**GIVEN DATA**
◇ ◇ ◇

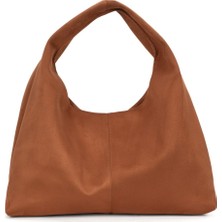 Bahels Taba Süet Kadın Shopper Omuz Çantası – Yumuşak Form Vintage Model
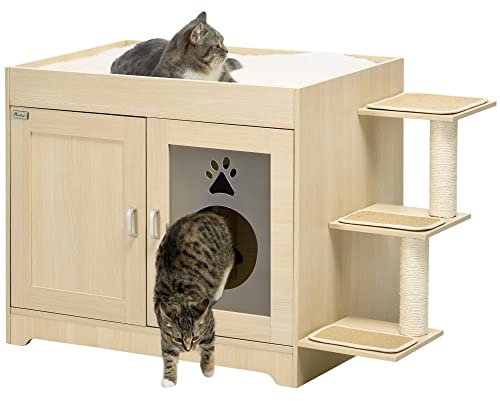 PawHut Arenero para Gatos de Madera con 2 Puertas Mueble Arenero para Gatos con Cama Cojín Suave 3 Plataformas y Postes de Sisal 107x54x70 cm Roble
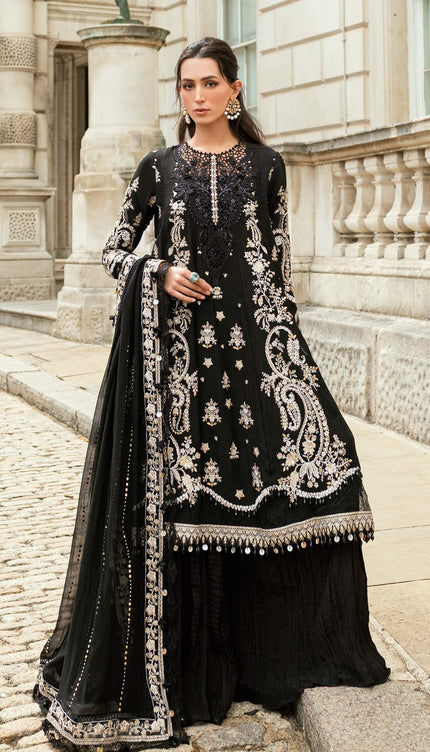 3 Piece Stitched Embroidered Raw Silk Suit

◇ ◇ ◇

**WHAT TO WORK ON**
Copy the listing exactly. No images belong in the copy.

**OUTPUT**
 Bahels Taba Süet Kadın Shopper Omuz Çantası – Yumuşak Form Vintage Model
 PawHut Arenero para Gatos de Madera con 2 Puertas Mueble Arenero para Gatos con Cama Cojín Suave 3 Plataformas y Postes de Sisal 107x54x70 cm Roble
 3 Piece Stitched Embroidered Raw Silk Suit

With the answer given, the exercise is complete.